In particular, we sought to understand:
Do counties with older populations have higher case counts and/or death rates? (Brandon)
Do counties with higher poverty rates have higher case counts / death rates? (Sybile)
Do counties with limited health insurance coverage have higher cases counts / death rates? (Vasudha)
Is there a relationship between political affiliation of each county (based on 2016 presidential election) and case counts / death rates? (Megan)
-
Null Hypothesis: There is no relationship between the 65 and over group and COVID-19 cases and deaths.
-
Alternative Hypothesis: The 65 and over group has a correlated effect on confirmed COVID-19 cases and deaths.
In all cases, extremely low p-value suggests rejecting null hypothesis. therefore, we can say age has a role in cases and deaths, but based on plots, age is not a significant influence.
In all cases, we hace well below 0.5 r-value, suggesting data does not fit regression line, illustrating there are many more factors with rising case and death rates.
-
Null Hypothesis: There is no relationship between confirmed cases/death rates and poverty level.
-
Alternative Hypothesis: The higher the poverty level, the more confirmed cases and death rates in the U.S..
- P-value for both charts is < 0.05, meaning there is a relationship between poverty level and rate of confirmed cases and deaths. r-value for both charts is about 0.2 (weak positive linear regression model), meaning the relationship between poverty level and rate of confirmed cases/deaths is low. To sum it up, poverty alone does not impact the rate of confirmed cases/deaths. There are other variables that play a role in them.
-
Null Hypothesis: Population with no health insurance does not affect the case counts and/or death rates.
-
Alternative Hypothesis: The more the percentage of without health insurance, the more the confirmed cases and/or death rates.
- Conclusions from the scattter plots and linear regression models indicate that COVID-19 deaths in various counties are weakly affected by the percentage of population without health insurance. the low p-values for all the plots implies that the null hypothesis should be rejected while the low r-values suggest that there is a weak correlation between population without health insusrance and case counts and/or death rates.
-
Null Hypothesis: There is no relationship between the margin by which Trump won/lost in a county and (1) case rates and (2) death rates.
-
Alternative Hypothesis: "Redder" counties (based on margin of victory) have higher (1) case rates and (2) death rates than "bluer" counties.
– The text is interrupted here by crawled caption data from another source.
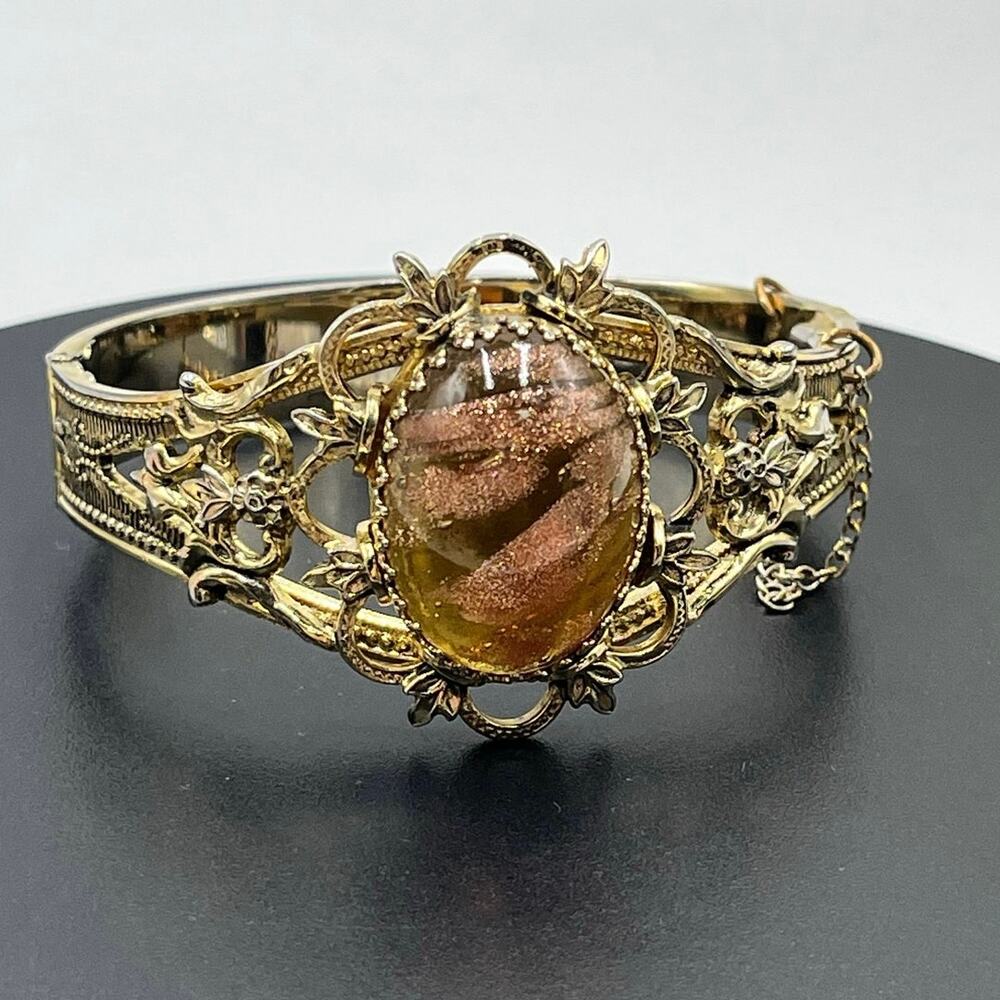 Whiting & Davis Vintage Ornate‎ Victorian Revival Gold Tone Lg Cabochon Bangle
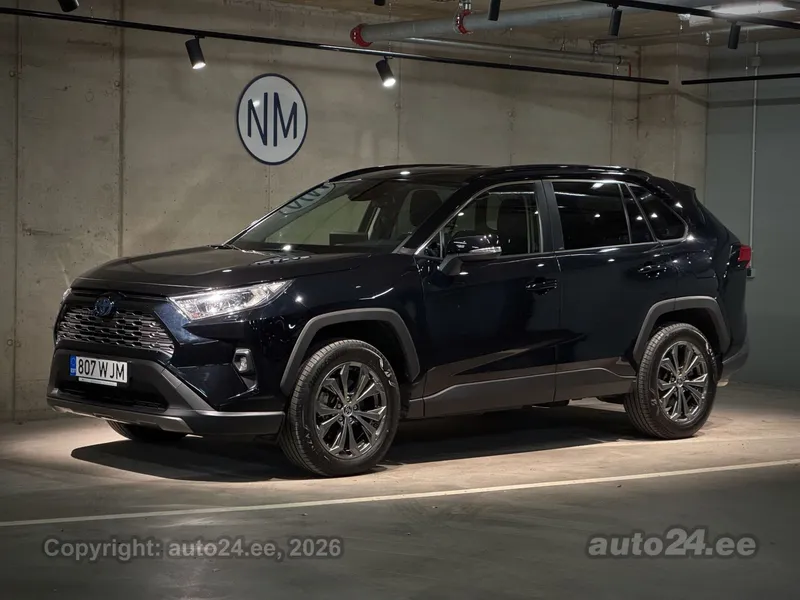 Toyota RAV4 - 1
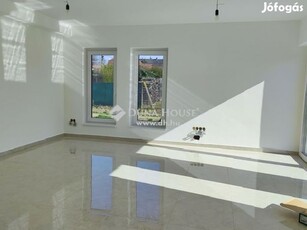 Velencei 107 nm-es ház eladó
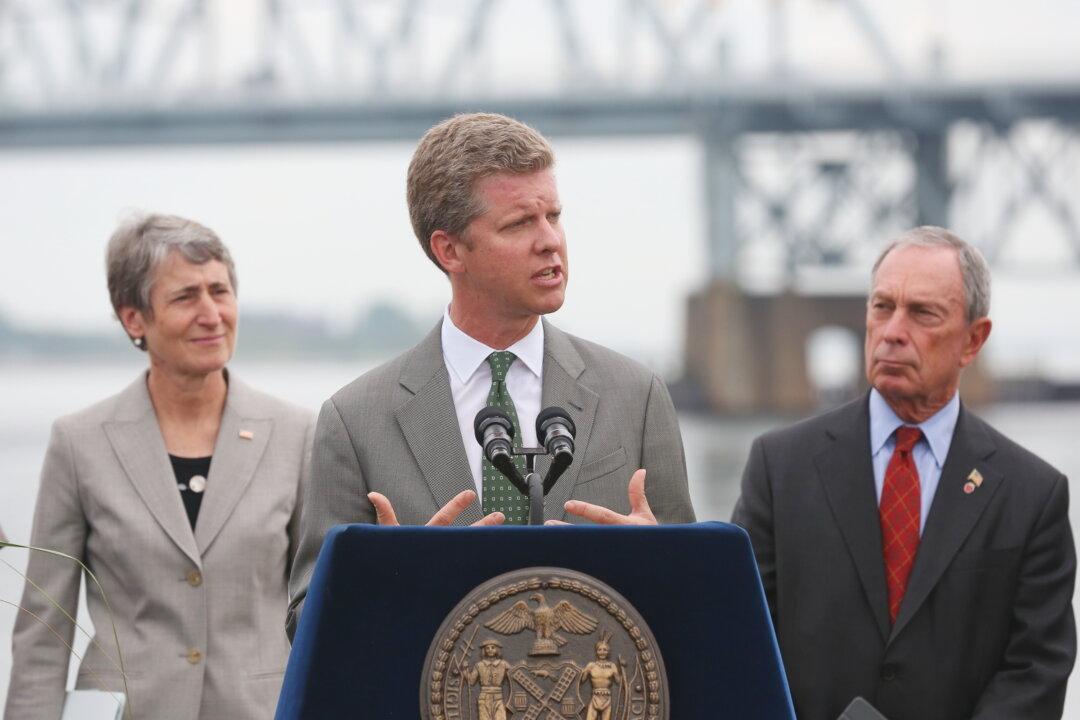 HUD Secretary Encourages Resilient Rebuilding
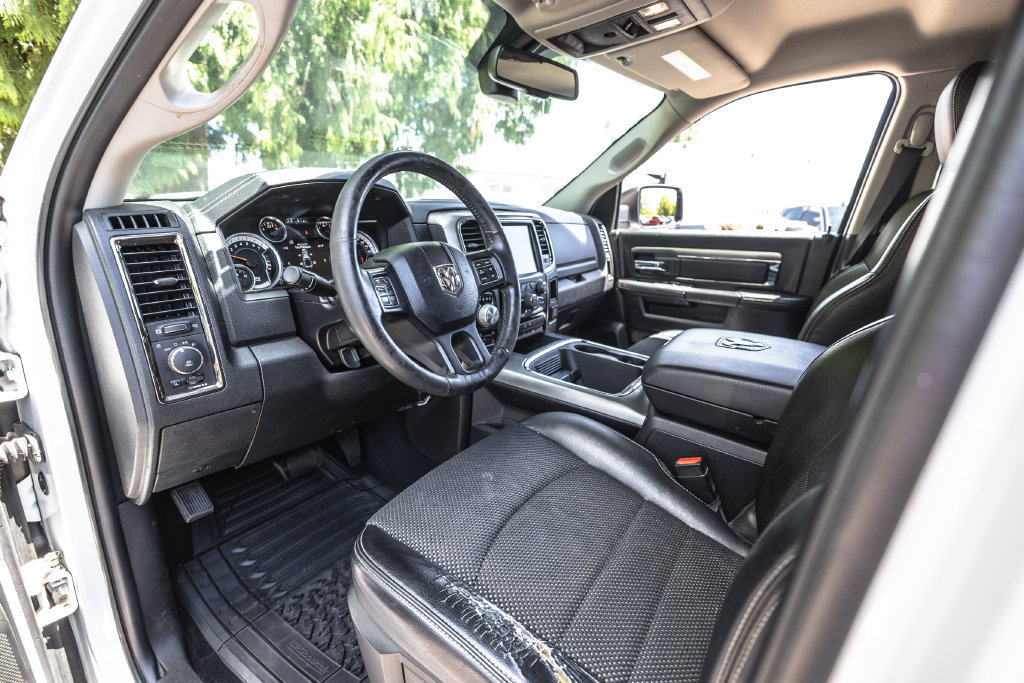 Used 2016 RAM 1500 Sport w/ Comfort Group AWD/4WD image 18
- While redder counties fared slightly better than bluer counties, there may be other factors driving this correlation. For instance, blue counties have higher average population size, and larger cities may have higher case rates and death rates than rural areas. In addition, dataset shows cumulative cases at a point in time (data as of 9/23); news souces suggest that blue counties initially had higher case counts and death rates, but red counties had since caught up.